[[ STUDY MATERIAL open ]]

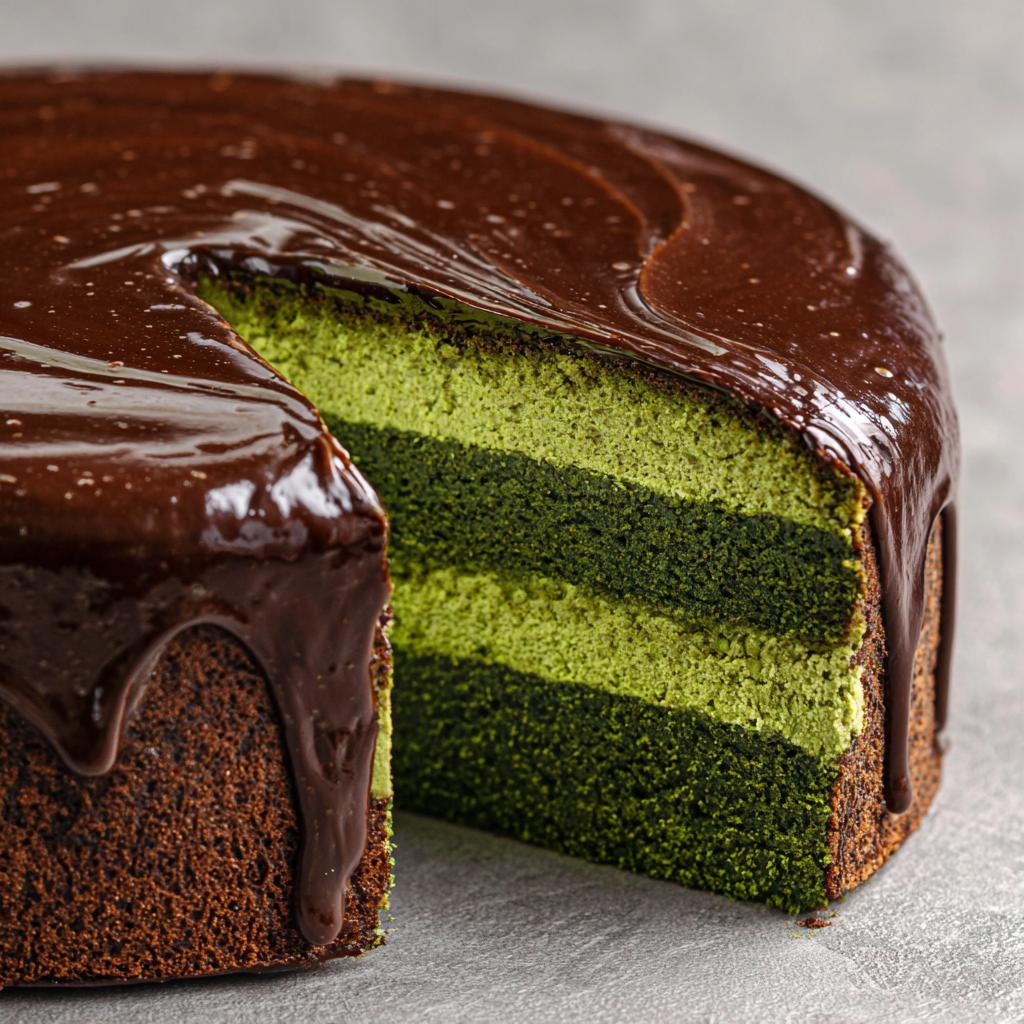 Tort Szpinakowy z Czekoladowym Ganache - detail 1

[[ STUDY MATERIAL closed ]]
[[ STUDY MATERIAL open ]]

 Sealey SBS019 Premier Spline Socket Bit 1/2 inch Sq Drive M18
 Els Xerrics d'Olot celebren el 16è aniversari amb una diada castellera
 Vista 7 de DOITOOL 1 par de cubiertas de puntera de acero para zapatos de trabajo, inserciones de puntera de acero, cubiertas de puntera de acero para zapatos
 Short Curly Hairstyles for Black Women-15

[[ STUDY MATERIAL closed ]]
[[ STUDY MATERIAL open ]]

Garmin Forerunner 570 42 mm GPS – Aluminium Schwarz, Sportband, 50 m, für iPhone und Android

[[ STUDY MATERIAL closed ]]

THE TASK
The lines to extract from the data above begin with the line containing "Sealey SBS019 Premier" and end with the line containing "Short Curly Hairstyles for Black Women-15". Extract them exactly, including both.

ANSWER FOR THE TASK
 Sealey SBS019 Premier Spline Socket Bit 1/2 inch Sq Drive M18
 Els Xerrics d'Olot celebren el 16è aniversari amb una diada castellera
 Vista 7 de DOITOOL 1 par de cubiertas de puntera de acero para zapatos de trabajo, inserciones de puntera de acero, cubiertas de puntera de acero para zapatos
 Short Curly Hairstyles for Black Women-15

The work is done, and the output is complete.